Au petit matin la samba résonne déjà dans un coin de Rio de Janeiro, la bière passe de main en main et un couple à peine formé s'embrasse goulûment: c'est le Carnaval et tout est permis. Que la fête commence!

Depuis plusieurs jours déjà, des milliers de personnes déguisées dansent dans les rues au sein des «blocs» (groupes), même si le Carnaval ne commence officiellement que ce vendredi.

Les grandes écoles de samba s'attellent aux dernières retouches avant leurs munificents défilés au Sambodrome, où se masseront dimanche et lundi quelque 70 000 spectateurs chaque nuit.

À presque 100 jours de la Coupe du monde de football au Brésil, la mairie de Rio s'attend à accueillir 918 000 touristes durant les cinq journées de festivités, soit 2% de plus que l'année dernière. Ils se mêleront aux millions de Cariocas amateurs du Carnaval (même si d'autres préfèrent fuir à la recherche de tranquillité).
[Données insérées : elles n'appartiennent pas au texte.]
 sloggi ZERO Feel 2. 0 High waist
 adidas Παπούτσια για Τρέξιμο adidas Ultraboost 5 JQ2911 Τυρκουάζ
Les façades des immeubles du centre sont protégées par des planches et des échafaudages, et la police a renforcé la sécurité dans cette ville où se dérouleront sept matches du Mondial, dont la finale au Maracana, puis les Jeux olympiques en 2016.

À Rio, où le culte du corps peut virer à l'obsession, c'est le moment de montrer le résultat des efforts de toute une année de travail intense en salle de sport.

Dans les «blocs», les femmes se trémoussent dans des parures minimalistes de diablesses, nonnes, policières ou infirmières. Les hommes sont habillés n'importe comment, du moment qu'abdominaux et biceps apparaissent.

Pour les moins assidus aux exercices physiques, un accoutrement bien fantaisiste peut toujours attirer le regard des filles et leurs bises promises aux plus méritants.

Et la chaleur de l'été austral fait couler la sueur sur les corps bronzés, décuplant  la sensualité torride.

Ronaldo et Zico

Tous les sens sont en éveil, surtout celui du rythme : la samba retentit depuis le camion du «bloc» et tout le monde danse derrière dans un défilé à la longueur variable. Le défilé s'étire en général sur plusieurs centaines de mètres.

Les «blocs» ont déjà rassemblé de vendredi à dimanche dernier plus d'un million de personnes dans toute la ville. Pour ce week-end, la mairie table sur quelque quatre millions de fêtards dans les rues.

Le défilé le plus attendu est le «Cordao de Bola Preta» (cordon de Boule noire), créé en 1918 et qui l'an passé regroupait 1,8 million de personnes.

Le Carnaval a lieu dans tout le pays, mais surtout à Rio et dans certaines villes comme Salvador de Bahia (nord-est), où les «blocs» gigantesques ont commencé mercredi à parcourir les rues pavées du Pelourinho, le centre historique.

À Recife et dans la cité voisine d'Olinda, également dans le Nordeste, des centaines de milliers de danseurs s'agiteront au son frénétique du «frevo», un rythme inspiré de la capoeira, dans le sillage du groupe «Galo de Madrugada» (coq du matin).

Sao Paulo, la capitale économique du Brésil, possède aussi son propre sambodrome avec des défilés qui démarrent samedi, dont celui qui rend hommage au footballeur retraité Ronaldo, meilleur buteur de l'histoire de la Coupe du monde (15 réalisations).

À Rio, le maire Eduardo Paes devait remettre vendredi symboliquement les clefs de la ville et ses pouvoirs pour cinq jours au roi Momo, la figure tutélaire du «plus grand spectacle sur Terre».

Cette année, un nouveau roi Momo a été choisi lors d'un concours : Wilson Dias da Costa Neto, 27 ans, large sourire et visage rond, mais moins corpulent que son prédécesseur, aura l'honneur d'ouvrir le défilé au Sambodrome aux côtés de la Reine du Carnaval.

Le long des 700 mètres de l'avenue Marqués de Sapucai, où s'étend le Sambodrome dessiné par feu le célèbre architecte Oscar Niemeyer, défileront chaque nuit six écoles de samba de la première division, en compétition pour le titre de championne.

Le défilé de l'école Imperatriz Leopoldinense est l'un des plus prometteurs, puisqu'il rendra hommage au légendaire Zico, le «Pelé blanc» dépositaire du «jogo bonito», lundi, le jour de ses 61 ans.